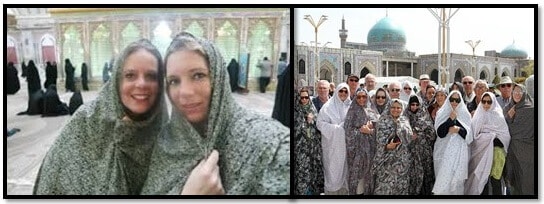 Iran Dress Code Women Proper clothes for visiting religious monuments iranian dos donts wear females 2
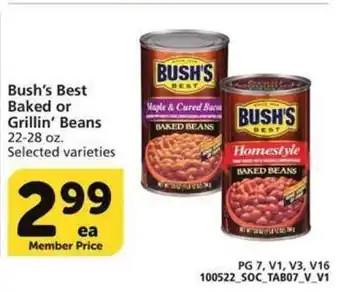Vons Bush's best baked or grillin' beans offer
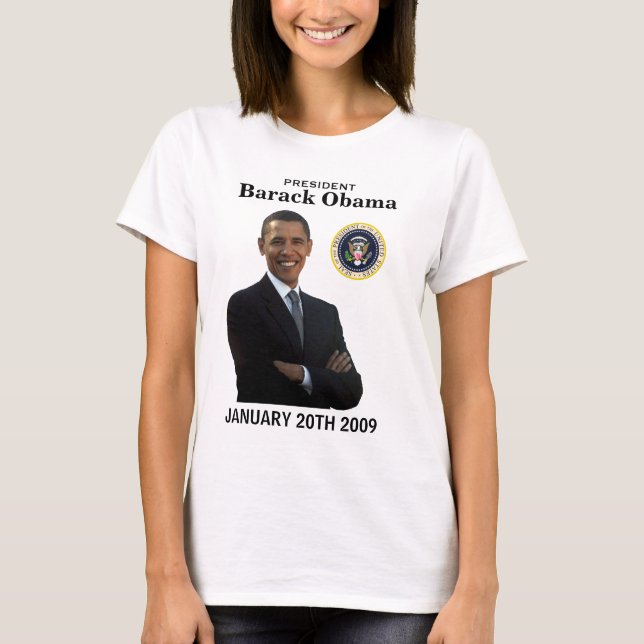 Obama Inauguration Dam Long-sleeve Tee (Framsida)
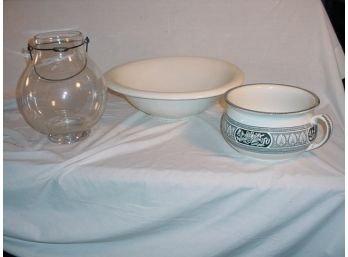 Chamber Pot, Glass Jar, Knowles Bowl  (42)
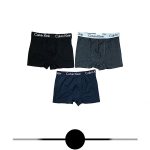 شورت باکسر مردانه کلوین کلاین کد B-000 مجموعه ۳ عددی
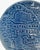 Mid-Century Modern Vintage Grand-Hôtel Du Cap-Ferrat Blue Ceramic Catchall Dish France For Sale - Image 3 of 11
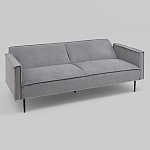 Диван современный вельветовый прямой Worcester Серый варинант исполнения - 4 | Loft Concept в Санкт-петербурге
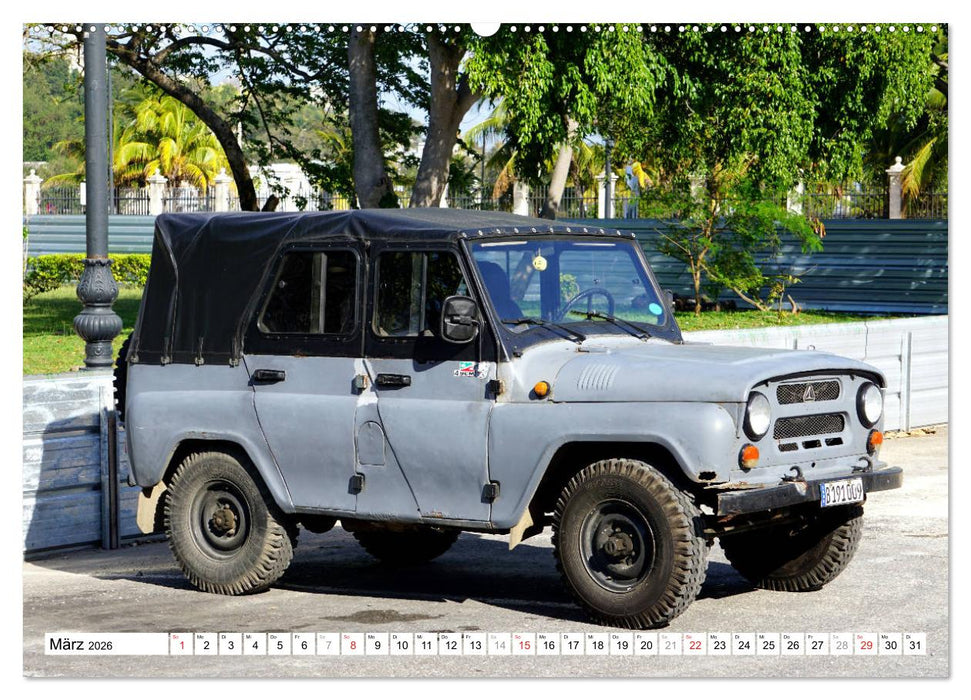 Sowjet-Legende - Der Geländewagen UAZ-469 in Kuba (CALVENDO Premium Wandkalender 2026)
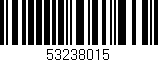 Código de barras (EAN, GTIN, SKU, ISBN): '53238015'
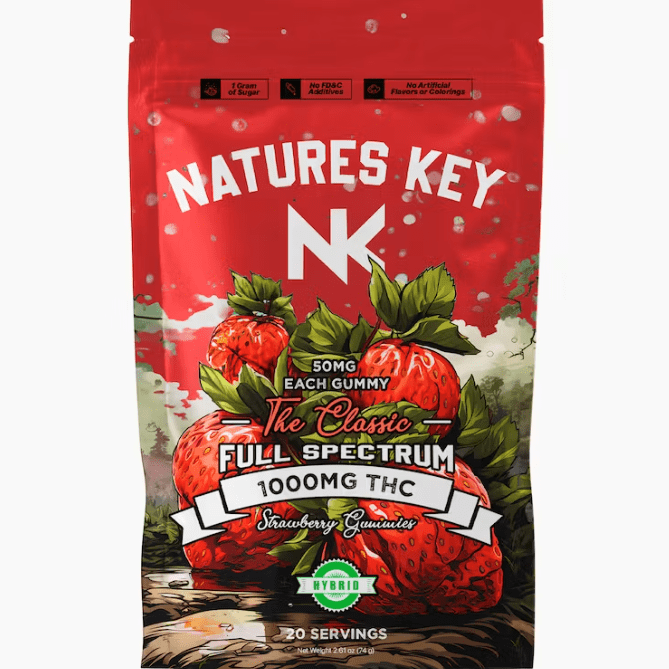 Strawberry - 1000 - Hybrid gummies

++++++++

WORK REQUEST:
Restate, word for word and without pictures, the lines from the line containing "Диван современный вельветовый" to the last line of the records above.

TASK RESPONSE:
 Диван современный вельветовый прямой Worcester Серый варинант исполнения - 4 | Loft Concept в Санкт-петербурге
 Sowjet-Legende - Der Geländewagen UAZ-469 in Kuba (CALVENDO Premium Wandkalender 2026)
 Código de barras (EAN, GTIN, SKU, ISBN): '53238015'
 Strawberry - 1000 - Hybrid gummies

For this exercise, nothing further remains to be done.